This was a difficult day. Actually it was really quite right till about 1 o’clock; we were getting on with lots of daily chores. I think we spoke too soon when we said it would be a quiet day because then they started coming for the big oak – the last oak in the crackley woods – where we held our tree houses for 9 days. It’s the last tree really in that wildlife corridor, and we made a conscious effort to watch it and be with it.
Some people got up to the fences and were pretty much surrounded by securities and by the national eviction team. But we made it a thing to witness it and to live stream and be with it as it fell. It was a 150 or 200 year old oak tree. They chainsawed the bottom to take out a little notch and then the big JCB with gave one nudge with its articulated arm, and it cracked to the ground and broke!
It broke our hearts…
You know we have been in that woodlands, and played in that woodlands, and we have been with the trees and to just see and to hear that last oak go was really emotional. You know it’s all or nothing really. We can sit down and avoid the chainsaws for only a certain amount of time. But if we do look, we have to really witness and feel every part of it and watch… and be with that tree as it was killed.

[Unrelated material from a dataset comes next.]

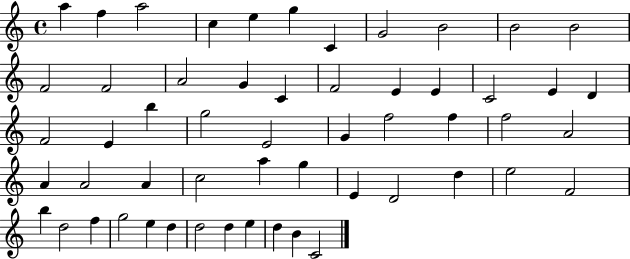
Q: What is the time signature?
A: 4/4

Later this afternoon we put up three more platforms. We have put them up in a farsighted compound and we have got four people up there tonight. It’s quite a nice peaceful night. We are sitting around the fire singing and playing. The feeling on camp is great at the moment. These emotional moments bring us together. And you know we sing, we sing for the trees, we sing for this woodland, for woodlands all around the world. So yeah, we had somebody turn up with a huge food order which was amazing – which they just donated to us. So lots of really nice healthy food to keep us going for a long while. We are truly grateful for all the wonderful support we have received from so many local people.